═════ STORED DATA

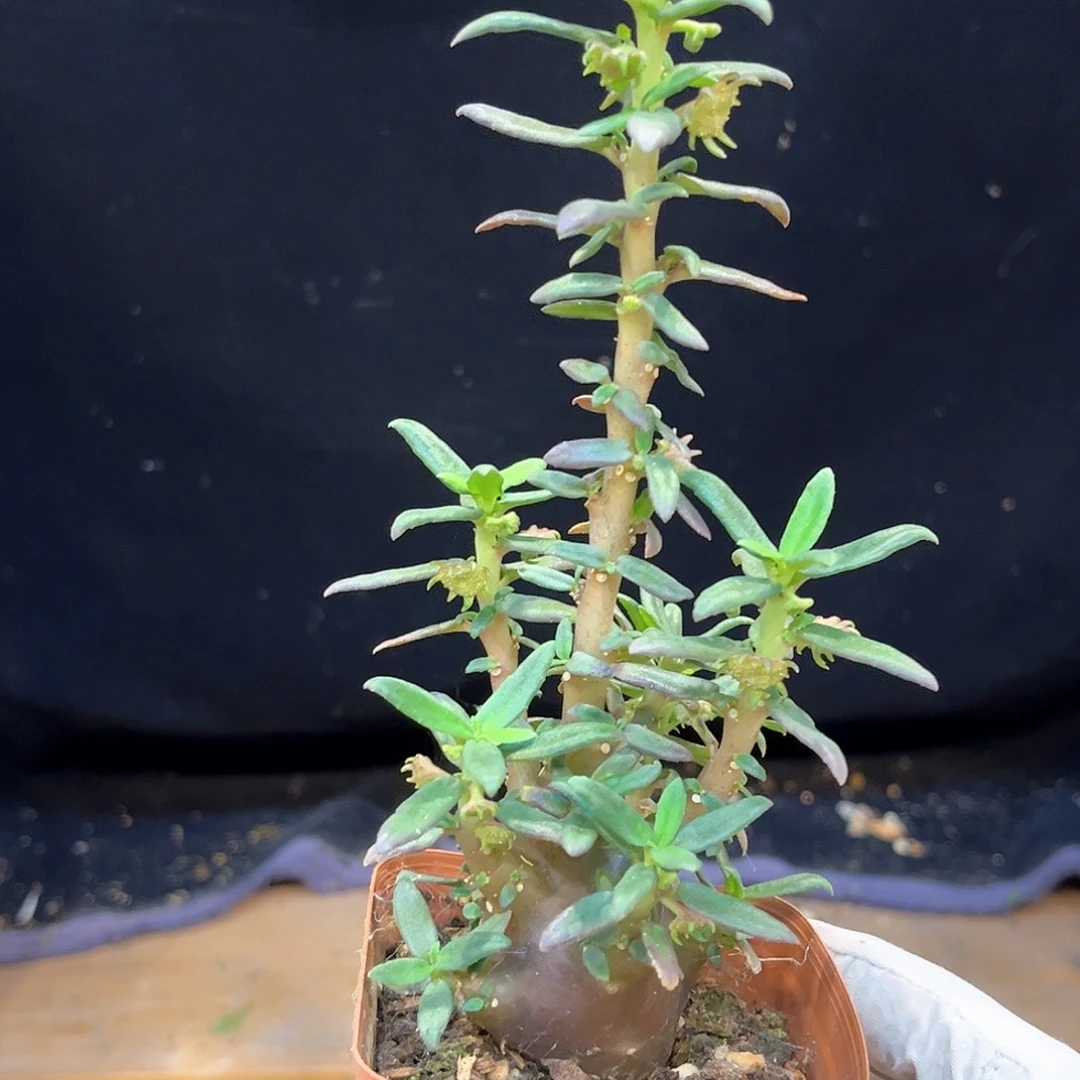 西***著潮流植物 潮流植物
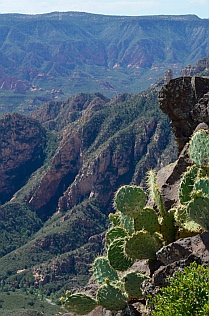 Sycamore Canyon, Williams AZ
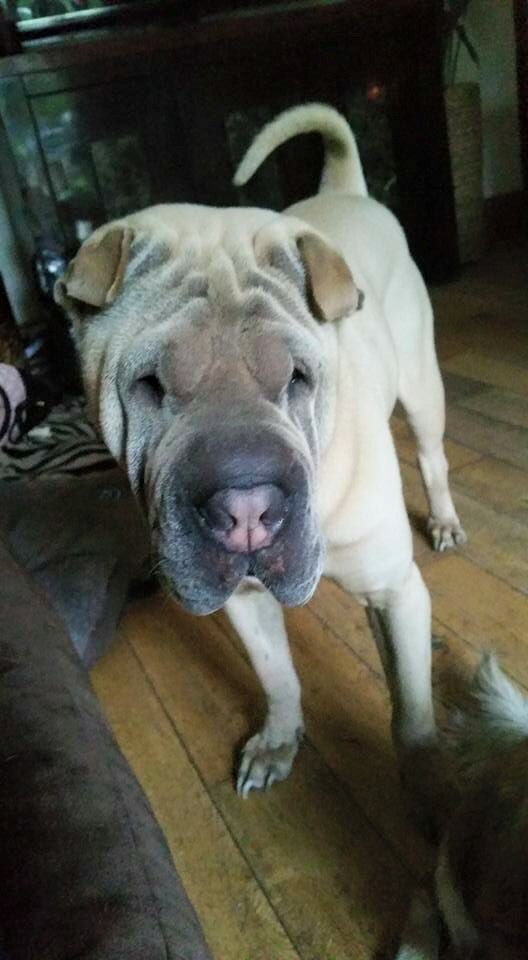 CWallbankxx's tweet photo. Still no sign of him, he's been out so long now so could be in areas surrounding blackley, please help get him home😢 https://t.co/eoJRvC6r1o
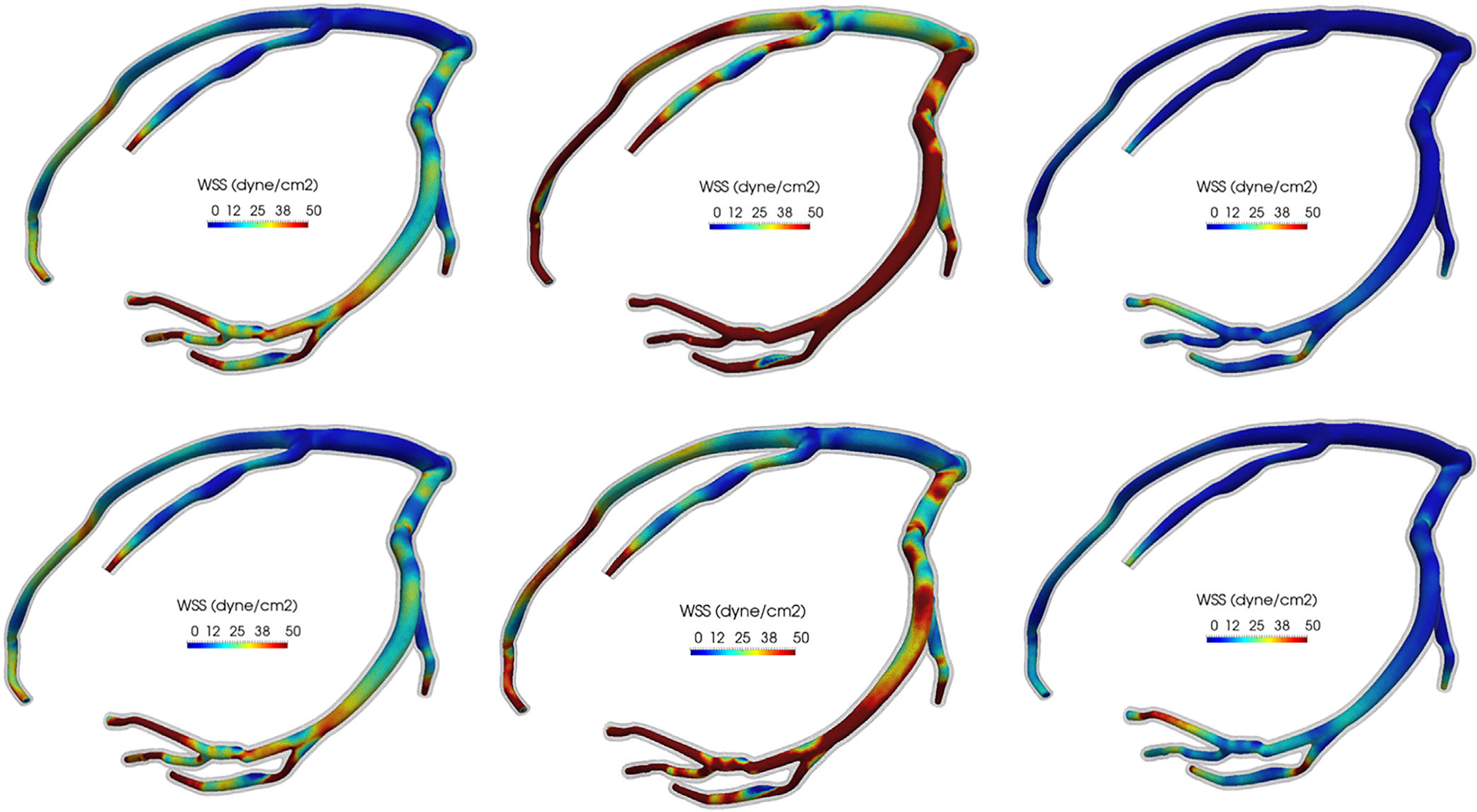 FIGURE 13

══════════

[ASSIGNMENT] Return, exactly and without extra lines, everything from the line with "Sycamore Canyon, Williams AZ" through the last line of the material above, both included. Pictures must be dropped.

[EXERCISE OUTPUT]
 Sycamore Canyon, Williams AZ
 CWallbankxx's tweet photo. Still no sign of him, he's been out so long now so could be in areas surrounding blackley, please help get him home😢 https://t.co/eoJRvC6r1o
 FIGURE 13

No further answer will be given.